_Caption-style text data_
------------------------------------------------

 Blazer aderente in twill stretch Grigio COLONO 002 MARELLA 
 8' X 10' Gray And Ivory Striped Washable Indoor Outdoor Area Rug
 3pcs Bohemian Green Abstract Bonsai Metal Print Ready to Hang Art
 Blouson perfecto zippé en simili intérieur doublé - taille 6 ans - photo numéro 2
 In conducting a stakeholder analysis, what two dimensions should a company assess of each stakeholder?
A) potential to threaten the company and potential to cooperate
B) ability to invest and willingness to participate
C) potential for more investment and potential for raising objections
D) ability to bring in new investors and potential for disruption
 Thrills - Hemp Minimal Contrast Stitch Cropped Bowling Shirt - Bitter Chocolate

------------------------------------------------

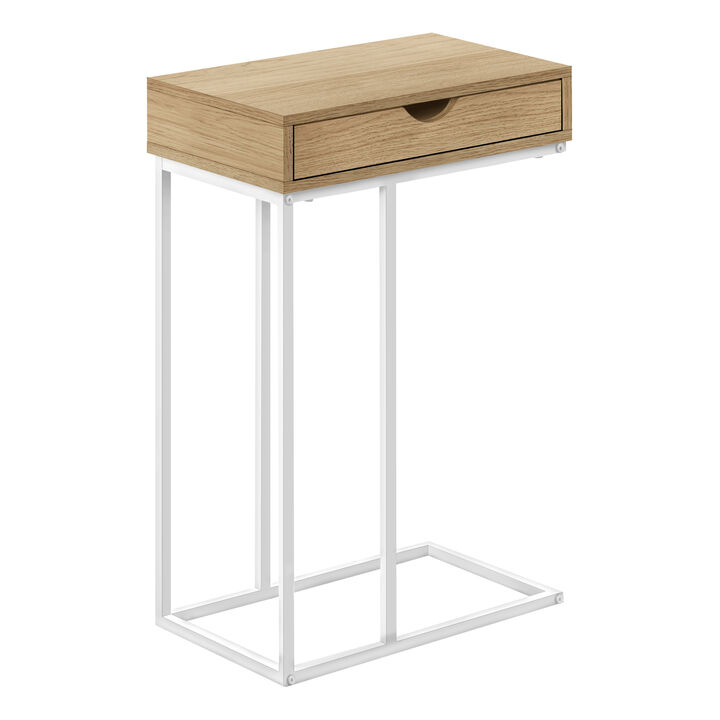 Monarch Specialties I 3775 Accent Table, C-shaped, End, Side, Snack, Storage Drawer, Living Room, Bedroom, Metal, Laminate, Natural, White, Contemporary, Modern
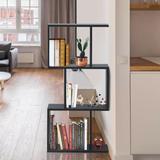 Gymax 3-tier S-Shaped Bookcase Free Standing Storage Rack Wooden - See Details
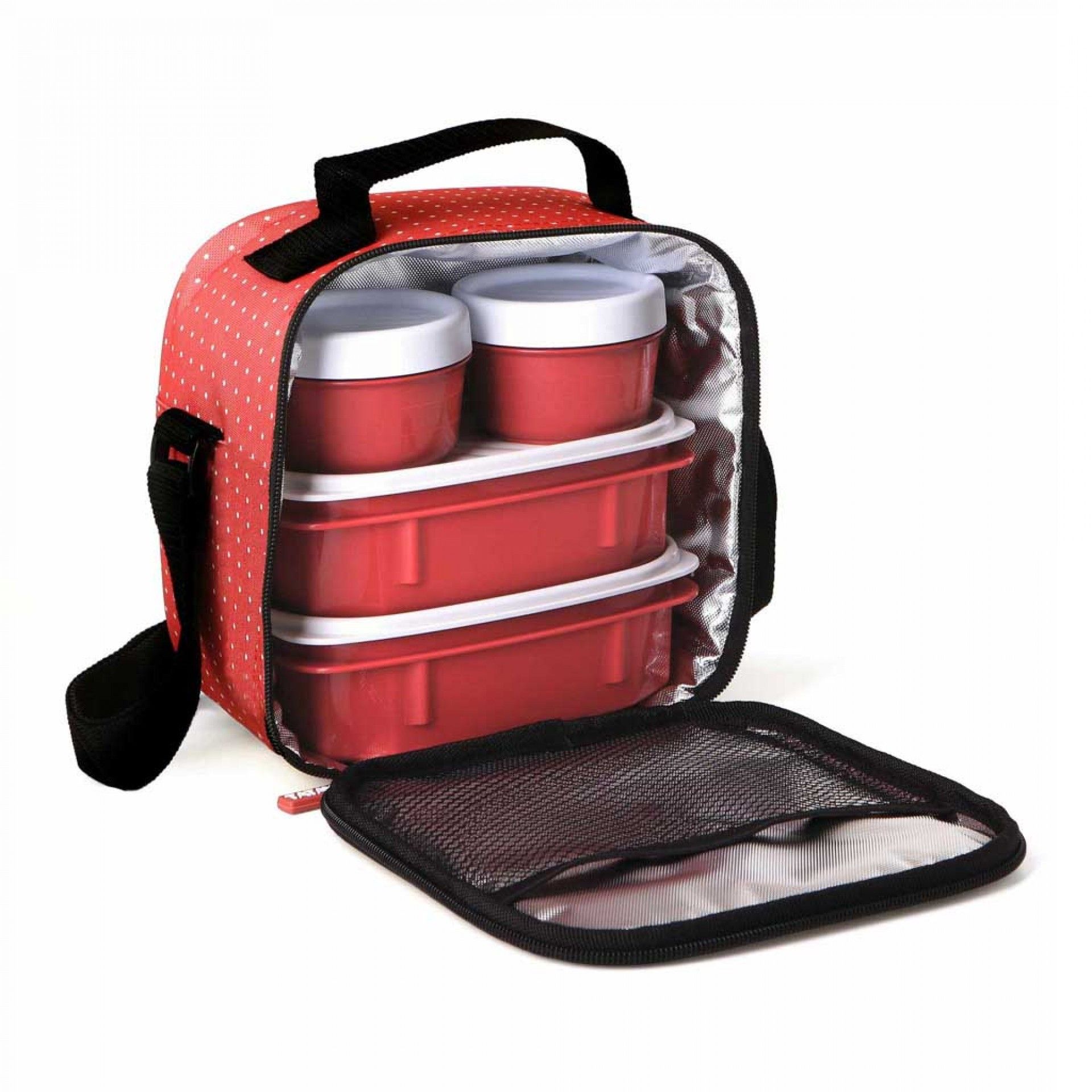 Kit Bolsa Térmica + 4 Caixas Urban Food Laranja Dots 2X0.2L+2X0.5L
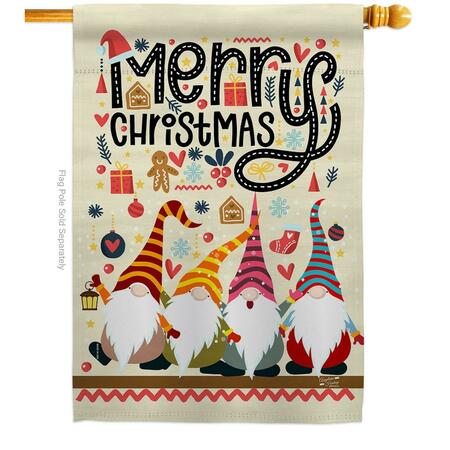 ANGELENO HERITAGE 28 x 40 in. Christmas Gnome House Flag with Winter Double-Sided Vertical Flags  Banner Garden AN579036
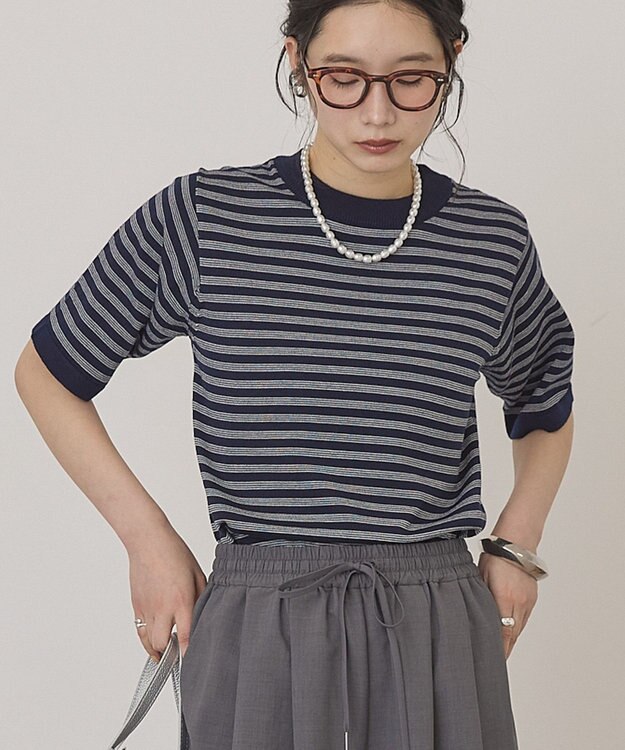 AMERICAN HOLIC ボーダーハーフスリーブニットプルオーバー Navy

------------------------------------------------

Beginning with the line above that has "Gymax 3-tier S-Shaped" and going on through the line that has "AMERICAN HOLIC ボーダーハーフスリーブニットプルオーバー Navy", retype every line exactly and add nothing else; drop the pictures.

_Exercise result_
 Gymax 3-tier S-Shaped Bookcase Free Standing Storage Rack Wooden - See Details
 Kit Bolsa Térmica + 4 Caixas Urban Food Laranja Dots 2X0.2L+2X0.5L
 ANGELENO HERITAGE 28 x 40 in. Christmas Gnome House Flag with Winter Double-Sided Vertical Flags  Banner Garden AN579036
 AMERICAN HOLIC ボーダーハーフスリーブニットプルオーバー Navy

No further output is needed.